Developing goals begins with asking, “What do I want?”
Goals also may emerge from values clarification exercises (for example, writing your own epitaph), imagining our “possible selves,” considering our self-care needs, or identifying the tasks that emerge from our attempts to meet these needs. The test of a useful goal is its ability to motivate constructive action.
- Accept losses and limits. Action to change something in our lives inevitably means there will be a loss of something we value. This could include the loss of an important relationship, a skill, an opportunity, a future, or a dream.
Loss often leads to sadness and anger. Our willingness to talk honestly about the loss and to own these feelings represents the initial steps in mourning the loss. By grieving, we acknowledge the loss as something “that simply happened,” open ourselves to learning something from the experience and how to get on with our lives, turning our despair into new goals congruent with a new reality.
- Examine resources. Knowledge of the skills and strengths we bring to our endeavors generates hope. Reaching out to others to gain their insight, perspective, experience, advice, and support is an important way of extending the resources available to us.
- Think “Can Do.” The “little engine that could” epitomizes how we can generate hope by believing in our ability to act. The following techniques help us to see ourselves as actors and can kindle hope:
- Concentrate on small steps. According to an old Chinese saying, “the longest journey begins with a single step.” Consider a single step in the direction you seek. If the step is the right one, you will progress. If not, you have learned something and you can try another approach.
- Prioritize steps. Review possible steps and choose those that fit your best guess about what will promote progress or convey information about appropriate tactics.
- Rehearse action. Practice action beforehand to clarify and firm up your approach. Role playing or practicing before a mirror or with a tape recorder can offer feedback before you have to commit yourself to a particular course.
- Tolerate errors. For many, the hardest lesson of all is to learn that we progress when we take action, regardless of whether we succeed or fail.
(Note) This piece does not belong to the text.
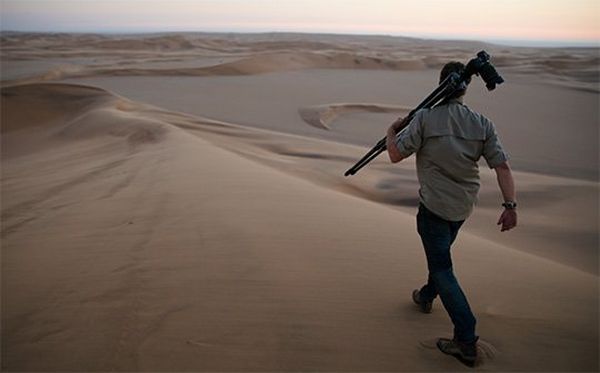Brent Stirton strides across the desert at dusk with his camera, as Spencer MacDonald films him using a Canon EOS C200.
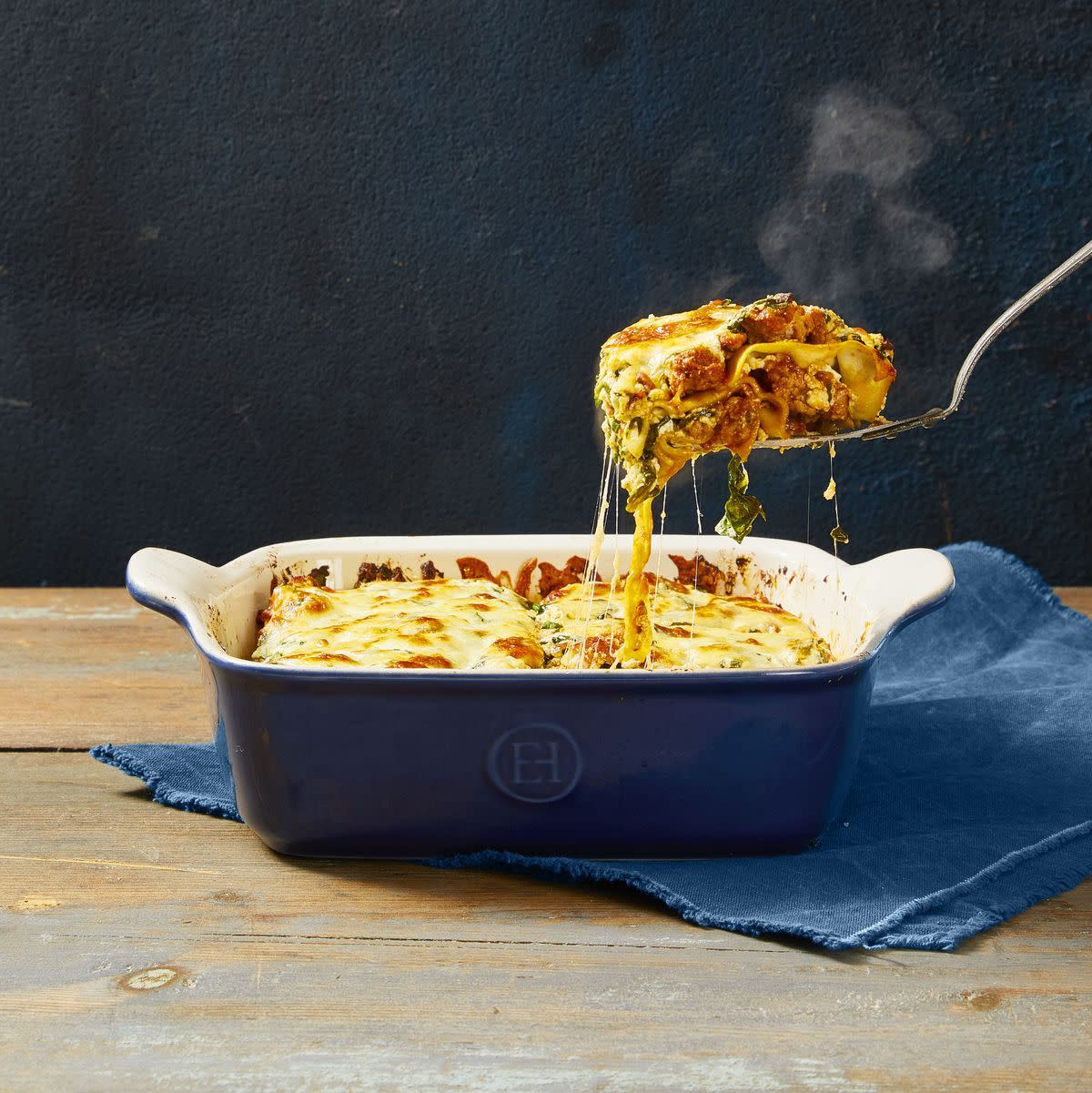 lasagna with meat sauce in a blue ceramic casserole dish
As is often said, “the worst thing that can happen is that I might learn something.”
- Normalize barriers. Achieving one’s goals is often difficult, especially when these goals are challenging and meaningful. Normalizing barriers to achievement means accepting barriers as part of the process and even planning for them.
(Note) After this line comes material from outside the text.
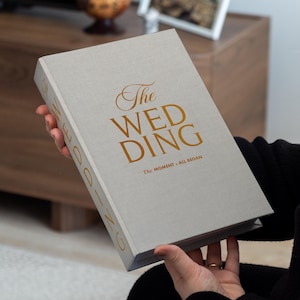 Op de afbeelding: Een lichtgrijs trouwalbum met gouden letters met de tekst "The WEDDING" en "The MOMENT it ALL BEGAN". Het boek is opengeklapt en toont de omslag. De ruglezing is "WEDDING".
- Act “as if.” When unsure about a goal, pretend a commitment to it and give yourself an “out” before you begin. Bby acting with this “out” in mind, you gain information without obligating yourself to staying with the process. This way, you can always say, “I changed my mind.”
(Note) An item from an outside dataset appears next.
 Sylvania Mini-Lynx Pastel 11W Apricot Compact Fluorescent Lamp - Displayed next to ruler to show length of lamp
- Reduce risks. Anticipating hazards and needed resources can reduce the risks of taking action. Becoming clear about the risks involved, the potential losses, who can help, what can go wrong and how you will know these are all helpful in deciding whether the risk is worthwhile. Taking the time to pursue your goals in the way you desire promotes a sense of ownership over the effort. Allowing for shifts in goals and strategies, a fail-safe point and a back-up position, and tolerating failure as a learning experience are all attitudes that allow us to tolerate risk. Ironically, acknowledging the anxiety that so often attends risk helps to calm us.
This article was adapted from Growing Ourselves Up: A Guide to Recovery and Self-Esteem, with permission of the author, Stanley J. Gross, Ed.D.